What do you think: does this passage teach that a person can lose his or her salvation? Does it say that when someone is rightly connected with Jesus and then fails to bear fruit that the Father will cut them off, take from them the life of the vine, and then cast them away? My answer is “no,” and here’s why.
It is possible to name the name of Jesus and seem to be rightly connected with him but all the while drawing life from false vines. In this way, a person can over time seem to know Jesus but finally fail to bear the fruit of Jesus.
As the Lord said elsewhere, “Not everyone who says to me, ‘Lord, Lord,’ will enter the kingdom of heaven, but the one who does the will of my Father who is in heaven. On that day many will say to me, ‘Lord, Lord, did we not prophesy in your name, and cast out demons in your name, and do many mighty works in your name?’ And then will I declare to them, ‘I never knew you; depart from me, you workers of lawlessness’” (Matthew 7:21-23; see also the parables of the sower and of the wheat and weeds in Matthew 13:3-9 and 13:24-30).
To be rightly connected with Jesus is to be submitted to God the Father along with Jesus; and to be submitted to God the Father is to do his will; and to do his will is to be in the Son; and to be in the Son is to bear the fruit of the vine. Indeed, it is impossible to be rightly connected with Jesus and fail to bear the fruit of Jesus.

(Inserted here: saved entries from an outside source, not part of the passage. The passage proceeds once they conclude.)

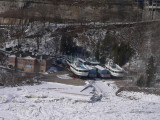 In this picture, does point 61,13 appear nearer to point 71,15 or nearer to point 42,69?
point 71,15

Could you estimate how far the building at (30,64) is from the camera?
371 inches

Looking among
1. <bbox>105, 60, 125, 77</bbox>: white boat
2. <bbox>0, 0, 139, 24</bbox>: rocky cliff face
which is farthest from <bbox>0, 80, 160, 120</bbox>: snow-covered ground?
<bbox>0, 0, 139, 24</bbox>: rocky cliff face

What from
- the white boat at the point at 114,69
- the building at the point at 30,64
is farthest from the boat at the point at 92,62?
the building at the point at 30,64

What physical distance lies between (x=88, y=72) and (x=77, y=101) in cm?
268

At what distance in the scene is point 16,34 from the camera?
517 inches

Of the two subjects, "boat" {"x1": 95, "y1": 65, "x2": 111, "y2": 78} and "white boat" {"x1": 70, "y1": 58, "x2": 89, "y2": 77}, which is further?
"boat" {"x1": 95, "y1": 65, "x2": 111, "y2": 78}

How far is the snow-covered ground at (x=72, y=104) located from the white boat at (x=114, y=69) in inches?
60.2

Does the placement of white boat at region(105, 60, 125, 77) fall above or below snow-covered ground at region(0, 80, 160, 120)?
above

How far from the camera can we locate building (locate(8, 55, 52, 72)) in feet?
30.9

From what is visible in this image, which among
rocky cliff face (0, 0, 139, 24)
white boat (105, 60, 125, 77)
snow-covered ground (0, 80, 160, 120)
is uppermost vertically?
rocky cliff face (0, 0, 139, 24)

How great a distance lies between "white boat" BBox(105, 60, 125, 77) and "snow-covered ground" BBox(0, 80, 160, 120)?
1.53 m

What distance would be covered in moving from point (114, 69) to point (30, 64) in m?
2.88

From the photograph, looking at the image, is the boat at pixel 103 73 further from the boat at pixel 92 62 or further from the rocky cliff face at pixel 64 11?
the rocky cliff face at pixel 64 11

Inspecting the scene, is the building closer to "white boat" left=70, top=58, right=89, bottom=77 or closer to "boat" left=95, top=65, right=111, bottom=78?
"white boat" left=70, top=58, right=89, bottom=77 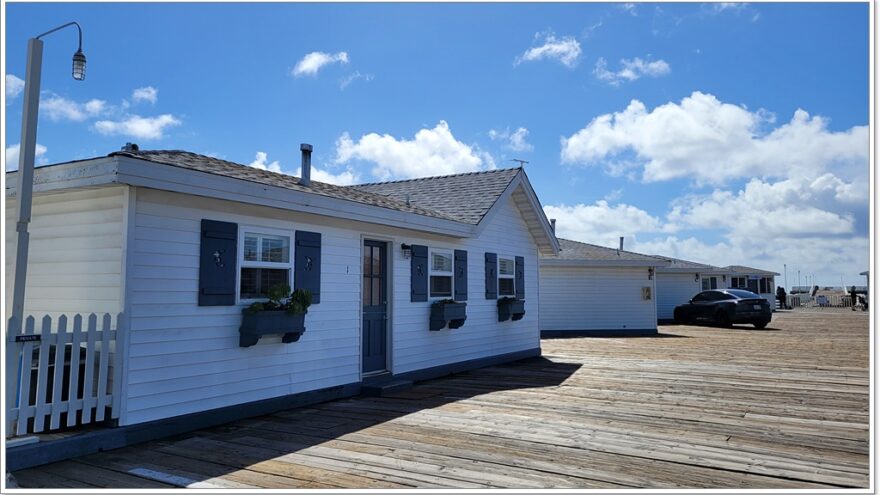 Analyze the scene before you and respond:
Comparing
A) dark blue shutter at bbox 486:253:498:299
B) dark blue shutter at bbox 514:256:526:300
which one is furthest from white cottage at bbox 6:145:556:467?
dark blue shutter at bbox 514:256:526:300

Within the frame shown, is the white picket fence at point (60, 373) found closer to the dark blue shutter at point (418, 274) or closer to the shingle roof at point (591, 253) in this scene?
the dark blue shutter at point (418, 274)

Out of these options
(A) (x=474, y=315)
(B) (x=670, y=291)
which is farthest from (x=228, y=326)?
(B) (x=670, y=291)

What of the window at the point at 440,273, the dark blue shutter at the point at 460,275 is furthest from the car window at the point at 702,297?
the window at the point at 440,273

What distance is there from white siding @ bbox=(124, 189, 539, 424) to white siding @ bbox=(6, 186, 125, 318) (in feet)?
0.74

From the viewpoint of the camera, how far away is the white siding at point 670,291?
25.0m

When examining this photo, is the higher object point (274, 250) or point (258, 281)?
point (274, 250)

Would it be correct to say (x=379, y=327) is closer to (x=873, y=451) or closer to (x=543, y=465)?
(x=543, y=465)

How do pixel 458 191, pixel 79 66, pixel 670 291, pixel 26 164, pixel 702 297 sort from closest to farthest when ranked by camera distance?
pixel 26 164 → pixel 79 66 → pixel 458 191 → pixel 702 297 → pixel 670 291

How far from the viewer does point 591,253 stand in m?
18.9

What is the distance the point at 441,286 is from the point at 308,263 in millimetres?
3072

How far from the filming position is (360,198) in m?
8.36

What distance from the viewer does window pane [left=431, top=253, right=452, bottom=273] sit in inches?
371

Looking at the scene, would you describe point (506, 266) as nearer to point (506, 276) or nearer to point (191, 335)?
point (506, 276)

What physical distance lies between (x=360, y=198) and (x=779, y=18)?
5361 millimetres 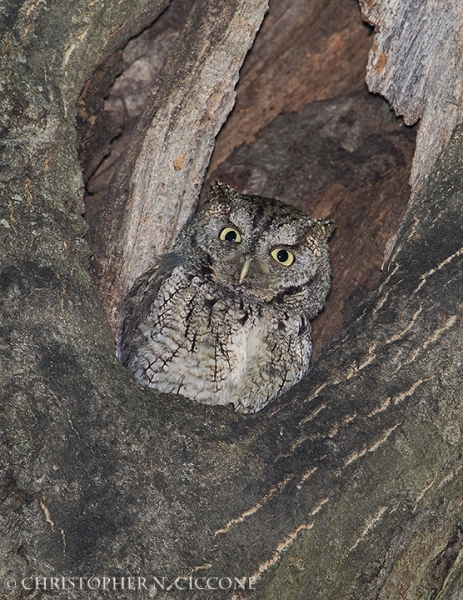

So if John 15:2 is talking about those who only seem to be in the vine but are not, what is it saying about them? Answer: the fate of the fruitless is that God the Father will cut them off, remove all vestiges of their hypocrisy from the vine, reveal them for what they are, and punish them for what they have done (see verse 6).
Friends, this truth should strike an appropriate fear into all of our hearts. For, on the one hand, our God is long-suffering, merciful, patient, and steadfast in love. Indeed, “a bruised reed he will not break, and a smoldering wick he will not quench.” And from the words of a parable, “Sir, let it alone this year also, until I dig around it and put on manure. Then if it should bear fruit next year, well and good; but if not, you can cut it down” (Matthew 12:20; Luke 13:8-9).
But, on the other hand, God the Father will not tolerate impostors forever. In due time, he will punish the wicked. He will pull up the weeds. He will cut off every fruitless branch. He will declare, “I never knew you; depart from me, you workers of lawlessness.” And those are words we never want to hear spoken to us.
“Note then the kindness and the severity of God: severity toward those who have fallen, but God's kindness to you, provided you continue in his kindness. Otherwise you too will be cut off” (Romans 11:22).
Prayer Focus: O Friends, join me in earnestly praying that God will reveal to us the true state of our relation with him, and give us eyes to see whether or not we are bearing the fruit of the vine. For even if the answer is, “No, you are not,” he may yet be gracious and grant us repentance.